Locate the line bearing "Building Photo - Beautiful" in the material below, then reproduce it and each following line up to and including the line bearing "Used Chevrolet Sail".

* **DATA FOR THIS EXERCISE**
╭──

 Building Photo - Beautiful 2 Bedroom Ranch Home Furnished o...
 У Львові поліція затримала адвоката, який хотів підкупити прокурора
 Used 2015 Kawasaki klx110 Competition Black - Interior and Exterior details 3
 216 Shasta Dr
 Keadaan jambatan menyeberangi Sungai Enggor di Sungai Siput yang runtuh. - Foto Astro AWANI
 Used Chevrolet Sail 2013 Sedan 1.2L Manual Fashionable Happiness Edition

╰──
╭──

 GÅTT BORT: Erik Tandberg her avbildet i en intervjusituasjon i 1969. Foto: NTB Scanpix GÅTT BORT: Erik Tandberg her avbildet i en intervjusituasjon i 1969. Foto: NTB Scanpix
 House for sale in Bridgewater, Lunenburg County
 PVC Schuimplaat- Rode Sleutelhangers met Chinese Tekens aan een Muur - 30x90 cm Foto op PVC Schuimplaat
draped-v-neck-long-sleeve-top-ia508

╰──

* **EXPECTED OUTPUT**
 Building Photo - Beautiful 2 Bedroom Ranch Home Furnished o...
 У Львові поліція затримала адвоката, який хотів підкупити прокурора
 Used 2015 Kawasaki klx110 Competition Black - Interior and Exterior details 3
 216 Shasta Dr
 Keadaan jambatan menyeberangi Sungai Enggor di Sungai Siput yang runtuh. - Foto Astro AWANI
 Used Chevrolet Sail 2013 Sedan 1.2L Manual Fashionable Happiness Edition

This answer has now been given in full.